When executing your application with DLB you may encounter the following error:

DLB PANIC[hostname:pid:tid]: Error trying to register CPU mask: [ 0 1 2 3 ]

A process registering into DLB will register its CPU affinity mask as owned CPUs. DLB can move the ownership of registered CPUs once the execution starts but it will fail with a panic error if a new process tries to register a CPU already owned by other process.

This typically occurs if you run two applications without specifying the process mask, or in case of MPI applications, if the mpiexec command was executed without the bindings flag options. In the former case you would need to run the applications using the taskset command, if the latter case every MPI implementation has different options so you will need to check the appropriate documentation.

I’m running a hybrid MPI + OpenMP application but DLB doesn’t seem to have any impact

Did you place your process and threads in a way they can help each other? DLB aware applications need to be placed or distributed in a way such that another process in the same node can benefit from the serial parts of the application.

For instance, in a cluster of 4 CPUs per node you may submit a hybrid job of n MPI processes and 4 OpenMP threads per process. That means that each node would only contain one process, so there will never be resource sharing within the node. Now, if you submit another distribution with either 2 or 1 threads per process, each node will contain 2 or 4 DLB processes that will share resources when needed.

I’m running a well allocated hybrid MPI + OpenMP but DLB still doesn’t do anything.

There could be several reasons as to why DLB could not help to improve the performance of an application.

Do you have enough parallel regions to enable the malleability of the number of threads at different points in your applications? Try to split you parallel region into smaller parallels.

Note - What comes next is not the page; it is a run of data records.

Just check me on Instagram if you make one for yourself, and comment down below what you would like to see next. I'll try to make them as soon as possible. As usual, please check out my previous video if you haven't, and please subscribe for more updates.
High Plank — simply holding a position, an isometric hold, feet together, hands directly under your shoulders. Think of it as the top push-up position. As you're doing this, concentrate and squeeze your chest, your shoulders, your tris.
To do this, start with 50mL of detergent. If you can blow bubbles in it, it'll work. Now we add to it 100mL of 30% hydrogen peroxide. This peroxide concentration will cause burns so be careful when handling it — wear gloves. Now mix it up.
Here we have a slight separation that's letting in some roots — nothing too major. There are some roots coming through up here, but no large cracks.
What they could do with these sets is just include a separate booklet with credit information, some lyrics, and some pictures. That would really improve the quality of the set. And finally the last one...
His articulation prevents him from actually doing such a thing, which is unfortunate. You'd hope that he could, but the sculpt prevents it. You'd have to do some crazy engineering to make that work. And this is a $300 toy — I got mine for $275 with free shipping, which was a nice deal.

Is your application very memory bandwidth limited? Sometimes increasing the number of threads in some regions does not increase the performance if the parallel region is already limited by the memory bandwidth.

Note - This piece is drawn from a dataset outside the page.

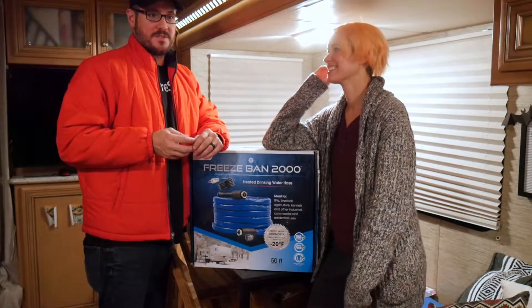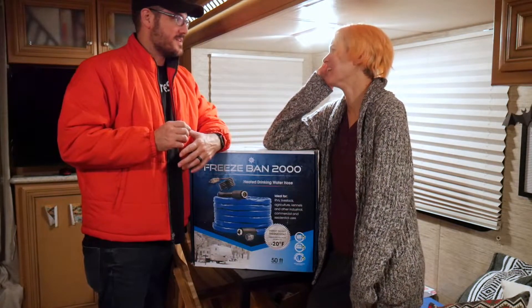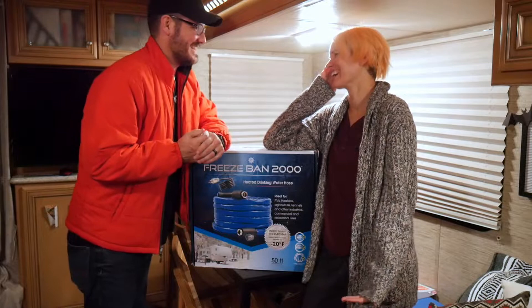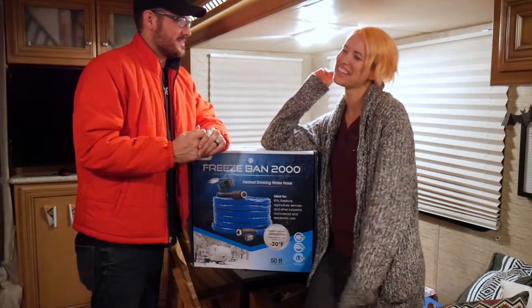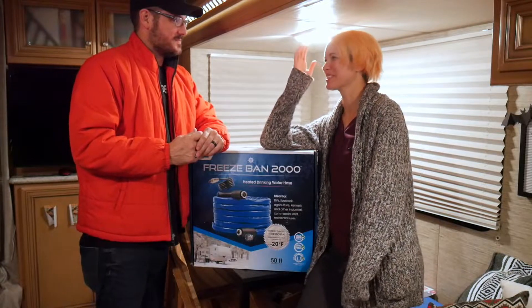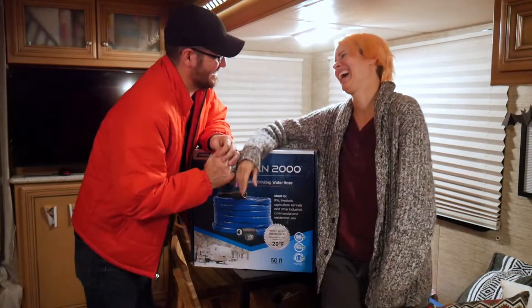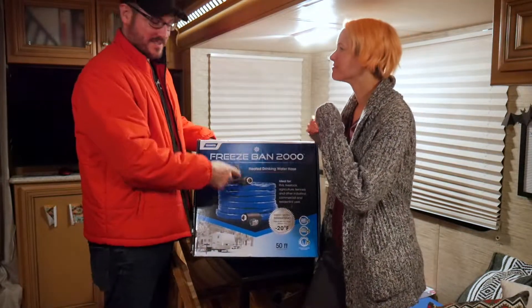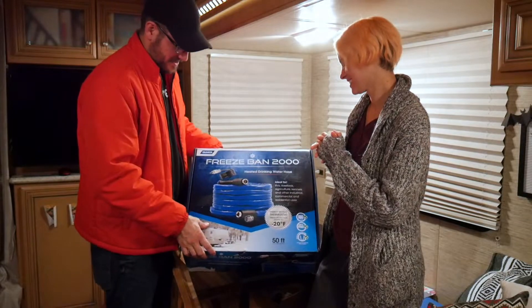I mean, tell that to the ocean — because I've seen that freeze quite a bit. Rivers and streams, my god. Where does the ocean freeze? Antarctica. But you're from Florida, so where is the ocean freeze? Freeze Ban 2000. I said it right, I can't question myself now.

Could it be that your application does not suffer from load imbalance? Try our performance tools to check it out. (http://tools.bsc.es)

How do I share CPUs between unrelated applications?

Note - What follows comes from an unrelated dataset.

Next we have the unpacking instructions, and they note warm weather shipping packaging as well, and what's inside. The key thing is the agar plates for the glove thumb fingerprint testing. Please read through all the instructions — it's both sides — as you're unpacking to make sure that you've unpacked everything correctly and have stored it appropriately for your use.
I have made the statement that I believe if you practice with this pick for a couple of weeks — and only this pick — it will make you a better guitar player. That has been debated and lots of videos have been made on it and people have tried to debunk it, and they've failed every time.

Even if the applications are not related and started at different time, they can share CPUs as if they were an MPI application with multiple processes.

Do note, however, that as soon as one of them finishes, all CPUs that belonged to it will be removed from the DLB shared memory and they won’t be accessible anymore by other processes. This can be avoided by setting DLB_ARGS+=" --debug-opts=lend-post-mortem.

How do I prevent sharing CPUs between applications?

On the other hand, you may also be interested in avoiding DLB resource sharing for some applications. For instance, running applications A and B and sharing CPUs only between them, and at the same time running applications C and D and sharing CPUs also only between them. This can be done by setting different shared memories for each subset of applications with the option --shm-key:

$ export DLB_ARGS="--lewi --shm-key=AB"
$ ./A &
$ ./B &
$ export DLB_ARGS="--lewi --shm-key=CD"
$ ./C &
$ ./D &

Can I see DLB in action in a Paraver trace?

Yes, DLB actions are clearly visible in a Paraver trace as it involves thread blocking and resuming. Trace your application as you would normally do using the Extrae library that matches your programming model.

Can I see DLB events in a Paraver trace?

Yes, DLB can emit tracing events for debugging or advanced purposes, just use the appropriate DLB library. Apart from tracing as you would normally do, you need to either link your application or preload with one of the libray flavours for instrumentation. These are libdlb_instr.so, libdlb_mpi_instr.so or libdlb_mpif_instr.so.

You can find predefined Paraver configurations in the installation directory $DLB_PREFIX/hare/paraver_cfgs/DLB/.

What DLB library do I need to use if I want to trace the application but not DLB?

Short answer: the same as if you were tracing DLB but with DLB_ARGS+=" --instrument=none". If your application has MPI, DLB still has to be aware of MPI and yet it needs to avoid the MPI symbols interception. This is what the libraries libdlb_mpi_instr.so and libdlb_mpif_instr.so do, only Extrae will intercept MPI and will forward that information to DLB.